In der Verhaltenstherapie wird die Verhaltens- und Problemanalyse als wichtigstes diagnostisches Verfahren definiert (Hautzinger 2000, S. 40). Ziel der Verhaltensanalyse ist die funktionale und strukturell-topografische Beschreibung von Verhalten. Die Erlebensebenen sind darin enthalten.
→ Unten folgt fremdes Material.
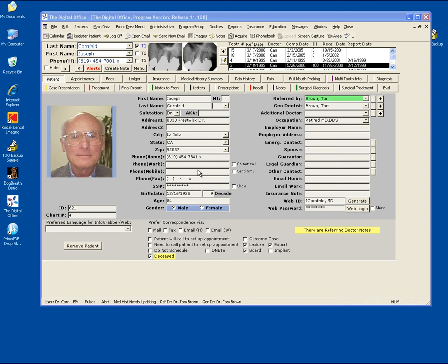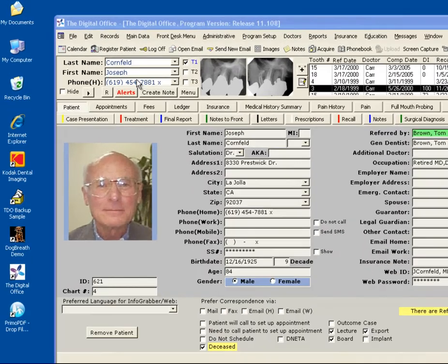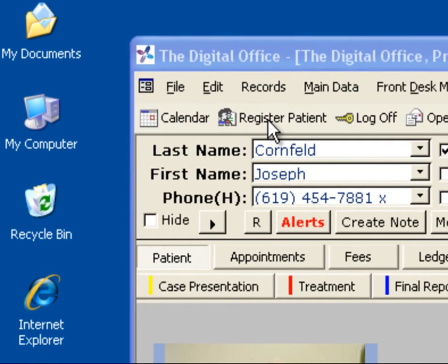To bring your postgrad cases into TDO, the first step is to register the patient into the software. To do this, click the Register Patient button on the top menu bar.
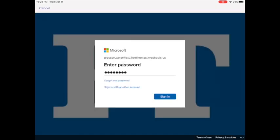You will then enter your password that has the FT on the end and choose sign in again.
Die ausgewählten Informationen sind:

 

•konkrete Merkmale der Situation

•Erwartungen, Einstellungen und Regeln, somatische biologische und physiologische Variablen

•Verhaltensausprägungen (Motorik, Emotionen, Kognitionen, physiologische Variablen, Häufigkeiten, Defizite, Exzesse, Kontrolle)

•Konsequenzen zu unterschiedlichen Zeitpunkten (kurz- und langfristig) mit unterschiedlicher Qualität (positiv, negativ) und mit unterschiedlichen Loci (intern, extern).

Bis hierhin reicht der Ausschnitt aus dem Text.